**WHAT YOU HAVE TO DO:** Could the records be returned exactly, with the pictures left out?

(Records from a data source)
◆ ◆ ◆
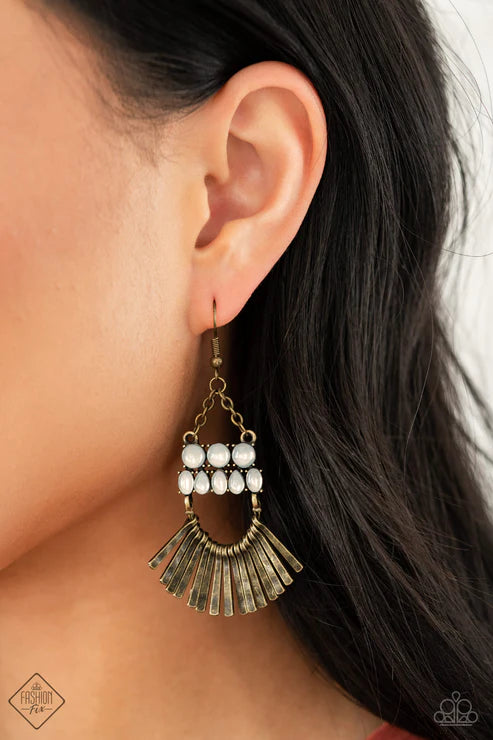 A FLARE For Fierceness Brass Earring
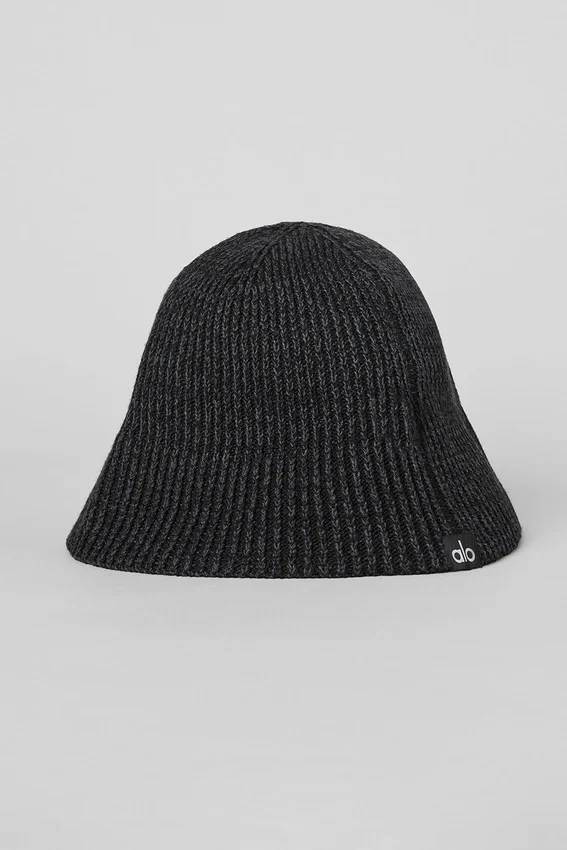 Cappello a cloche in maglia denim - Nero/Antracite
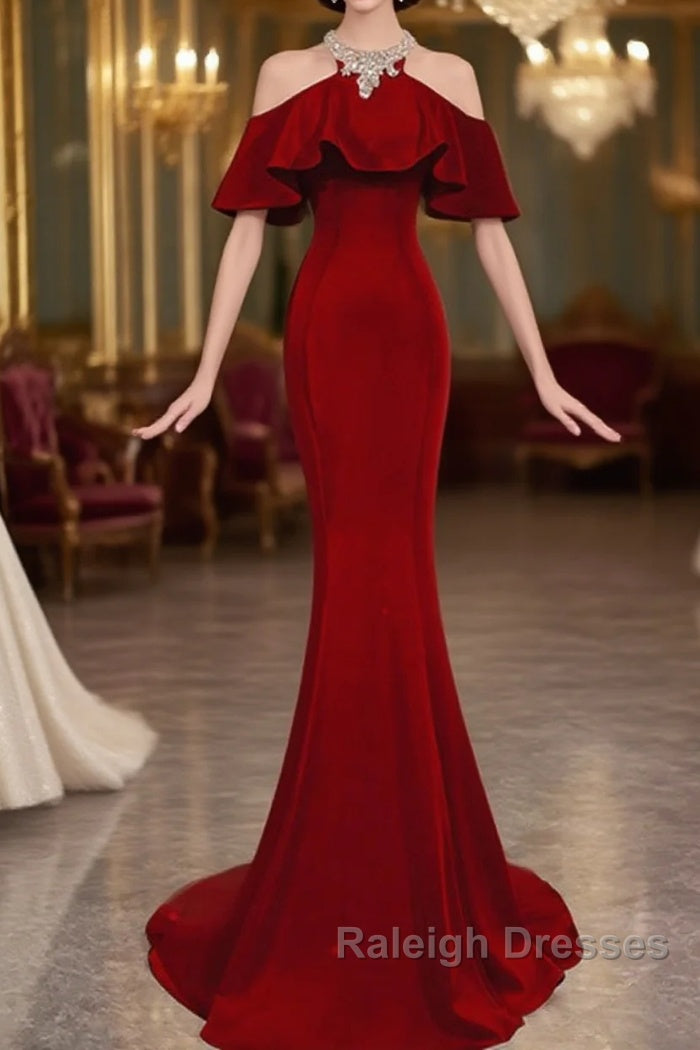 Wine Red Mermaid Off Shoulder Halter Neckline Prom Dresses Wine Red Prom Gown Main image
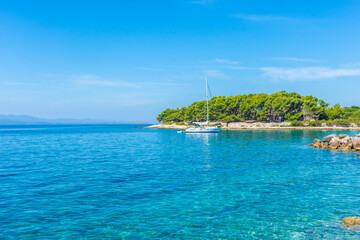 Crystal clear water in the little harbor of Sucuraj, Hvar, Croatia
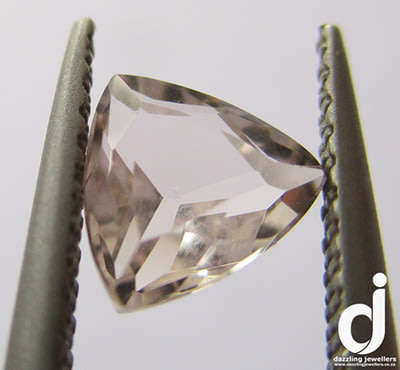 Morganite | Earth mined |  Trillion-cut | Soft Champagne Peach | 0.65ct | approx 6mm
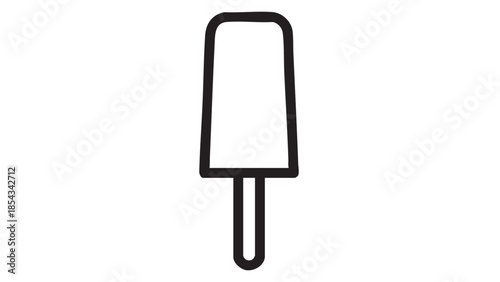 Simple black and white illustration of a popsicle on a white background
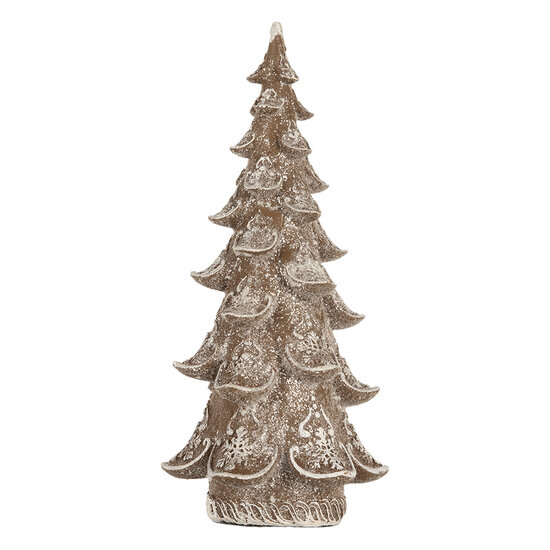 Clayre &amp; Eef   | Kerstdecoratie Kerstboom Bruin Wit 14x14x30 cm | 6PR5817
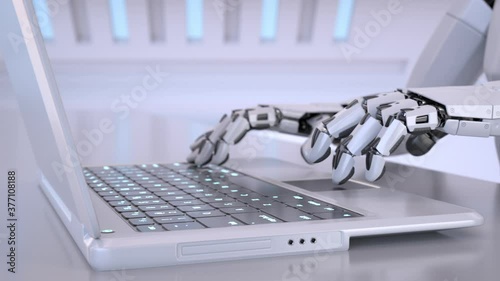 Robots hands typing on a laptop keyboard. 3D animation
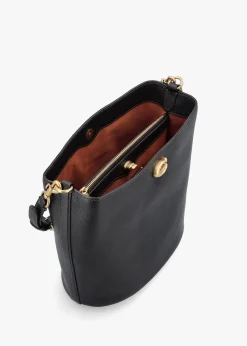 Willow Soft Black Leather Bucket Bag
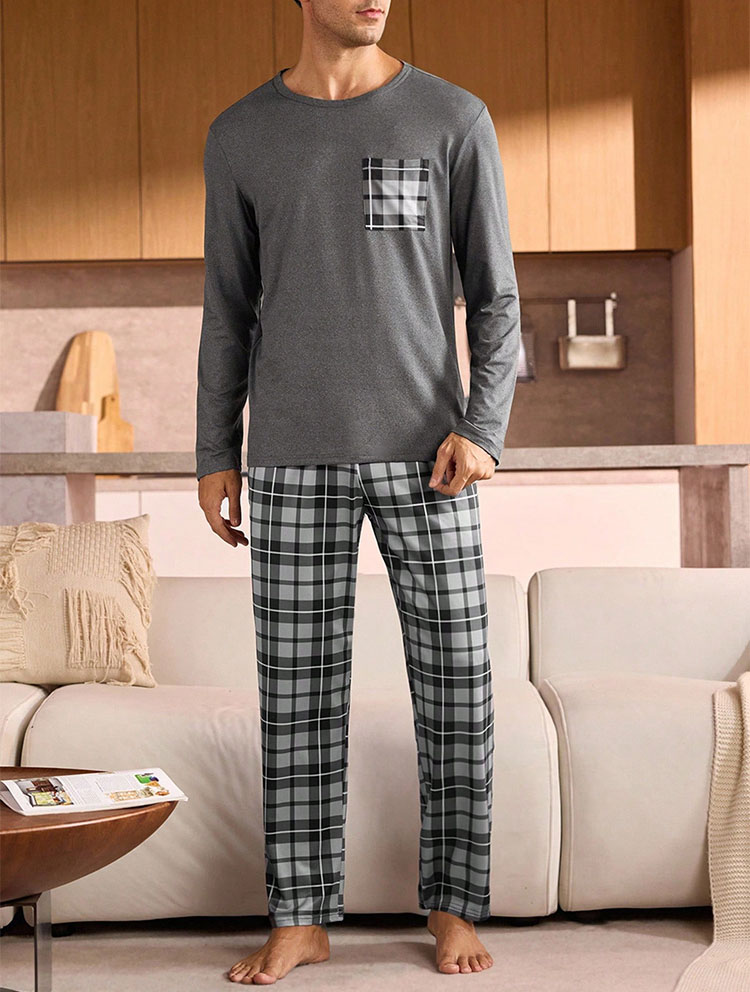 Men's Plus Size Sleepwear Sets Breathable Long Men's Pajamas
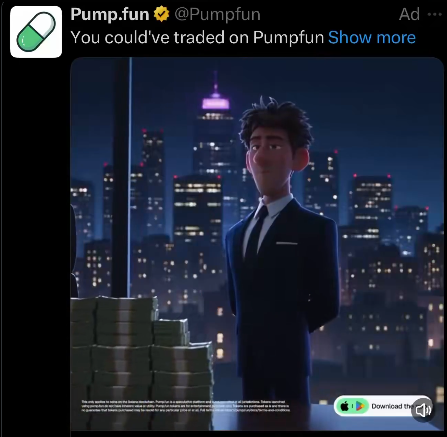 PetalSoI's tweet photo. GENNY PUMP NARRATIVE,

Pumpfun just started using this new AI character to onboard normies in their ads!

He's a normie then becomes rich with pumpfun, they are pushing ads all over X and IG with him on them to onboard the masses,

Literally the representation of Normie changing their life with memecoins and no one has noticed!?!
https://t.co/q3iVuosYb0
◆ ◆ ◆
**RESULT BELOW:**
 A FLARE For Fierceness Brass Earring
 Cappello a cloche in maglia denim - Nero/Antracite
 Wine Red Mermaid Off Shoulder Halter Neckline Prom Dresses Wine Red Prom Gown Main image
 Crystal clear water in the little harbor of Sucuraj, Hvar, Croatia
 Morganite | Earth mined |  Trillion-cut | Soft Champagne Peach | 0.65ct | approx 6mm
 Simple black and white illustration of a popsicle on a white background
 Clayre &amp; Eef   | Kerstdecoratie Kerstboom Bruin Wit 14x14x30 cm | 6PR5817
 Robots hands typing on a laptop keyboard. 3D animation
 Willow Soft Black Leather Bucket Bag
 Men's Plus Size Sleepwear Sets Breathable Long Men's Pajamas
 PetalSoI's tweet photo. GENNY PUMP NARRATIVE,

Pumpfun just started using this new AI character to onboard normies in their ads!

He's a normie then becomes rich with pumpfun, they are pushing ads all over X and IG with him on them to onboard the masses,

Literally the representation of Normie changing their life with memecoins and no one has noticed!?!
https://t.co/q3iVuosYb0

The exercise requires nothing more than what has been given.